Everybody Loves Me, Baby. What’s the Matter With You?*

Big surprise, huh? I guess the rest of the world has figured out that McCain is more of the same, which hasn’t worked out any better for them than it has for us.

US Democratic presidential candidate Barack Obama may be struggling to nudge ahead of his Republican rival in polls at home, but people across the world want him in the White House, a BBC poll said.

All 22 countries covered in the poll would prefer to see Senator Obama elected US president ahead of Republican John McCain.

In 17 of the 22 nations, people expect relations between the US and the rest of the world to improve if Senator Obama wins.

More than 22,000 people were questioned by pollster GlobeScan in countries ranging from Australia to India and across Africa, Europe and South America.

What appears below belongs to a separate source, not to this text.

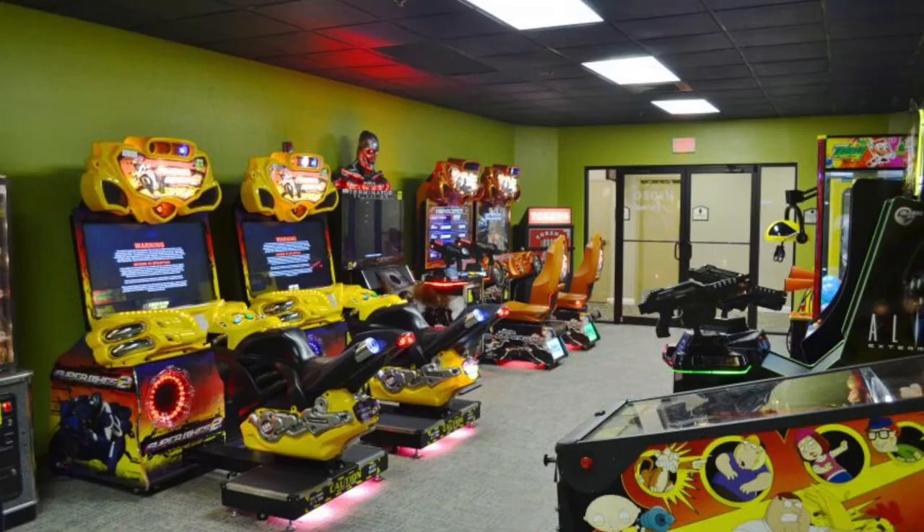Amenities like free parking and free scheduled transportation to Universal make your stay worry-free. Plus, the resort-style pool and video game arcade are fun for everyone.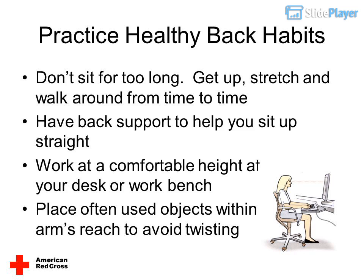Don't sit for too long — get up, stretch, and walk around from time to time. Have back support to help you sit up straight. Work at a comfortable height at your desk or workbench. Place often-used objects within arm's reach to avoid twisting.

The margin in favour of Senator Obama ranged from 9 per cent in India to 82 per cent in Kenya, while an average of 49 per cent across the 22 countries preferred Senator Obama compared with 12 per cent preferring Senator McCain. Some four in 10 did not take a view.

“Large numbers of people around the world clearly like what Barack Obama represents,” GlobeScan chairman Doug Miller said.

This kind of polling gets the wingnuts really huffy.

A bunch of people who can’t vote for Obama are endorsing Obama,” writes the blogger at Stop the ACLU — an odd reaction from someone who presumably has opined over the years about who should hold public office in various countries around the globe s/he can’t vote in.

Kim Priestap at Wizbang is feeling resentful:

This isn’t going to have any positive impact for Obama. We Americans resent it when other countries try to tell us for whom to vote because it’s pretty obvious that the citizenry of other countries don’t have our best interests at heart. …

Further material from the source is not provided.